Tanti interrogativi, tanti i tentativi, tanti gli espedienti che hanno portato alla definizione del protagonista Billy Pilgrim, alter-ego di Vonnegut e bambino inviato in questa crociata per molti, per quasi tutti senza ritorno, che appare e scompare negli abissi dei vari capitoli per poi riaffiorare nella parte finale del testo dove l’intera opera si ricompone nelle sue fila per definire quella che è la morale/non morale insita nel suo contenuto.
A questa scelta iniziale l’autore aggiunge un altro dato di fatto: “così va la vita”. Il passato non può essere cambiato così come il presente e il futuro né la vita stessa perché in realtà, per Billy/Kurt queste dimensioni non esistono. Sono un qualcosa che sempre accadrà a prescindere dal tutto.
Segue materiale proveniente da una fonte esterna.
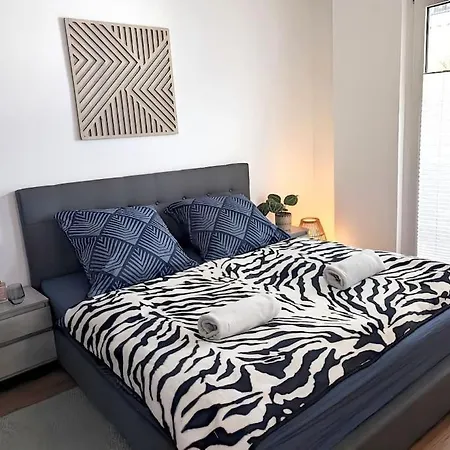 Apartment Castle Street Oasis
Questa impossibilità di scegliere e decidere degli avvenimenti perché flusso ininterrotto di elementi che accadono, impediscono allo scrittore di trascriverli e di riportarli in un ordine consequenziale che quindi determina anche i continui salti temporali che portano il lettore a trovarsi, ulteriormente, in tre spazi dimensionali diversi. Il trauma di aver assistito ad un incidente aereo, di aver perso la moglie, di aver toccato la distruzione con mano, di soffrire di allucinazioni, comportano la necessità di creare questa confusione del tempo che scorre a cui si sommano ripetizioni di assunti già scritti. L’uomo non ha forza e non ha potere di interrompere il flusso degli eventi, li subisce passivo e vi si abbandona.
Non stupisce dunque che “Mattatoio n. 5” sia considerato il romanzo antimilitarista per eccellenza, ma badate bene, non lo è nel modo in cui lo si può pensare. Perché nelle sue pagine non troverete l’orrore del bombardamento, della guerra, del sangue che scorre quanto un’autoanalisi umana. Al centro delle vicende vi è un protagonista inadatto, talora ostico per il lettore, incapace di fronteggiare e contrastare un destino che viene considerato un dato immutabile e improcrastinabile.
Ed è proprio questa impostazione narrativa caratterizzata su più dimensioni spazio-temporali ad esser la forza di questo scritto, un volume intelligente, costruito su piccoli mattoni apparentemente scollegati tra loro ma che finiscono con il ricomporsi in un puzzle più grande nelle conclusioni e che ha quale unica pecca, a mio modesto avviso, uno stile che può risultare privo di empatia, privo di quella capacità di accompagnare il conoscitore avvenimento dopo avvenimento. Questi piccoli blocchi, infatti, avvalorati da una penna poco curata e da una serie di ripetizioni e ridondanze (come appunto al continuo ricorso dell’espressione “così è la vita”, che è sì sinonimo di questo flusso inarrestabile di eventi in discesa libera e imperturbabile), sfiancano.
In conclusione, un libro intriso di grande tecnica e con un significativo messaggio ma che riesce a farsi apprezzare soltanto a metà.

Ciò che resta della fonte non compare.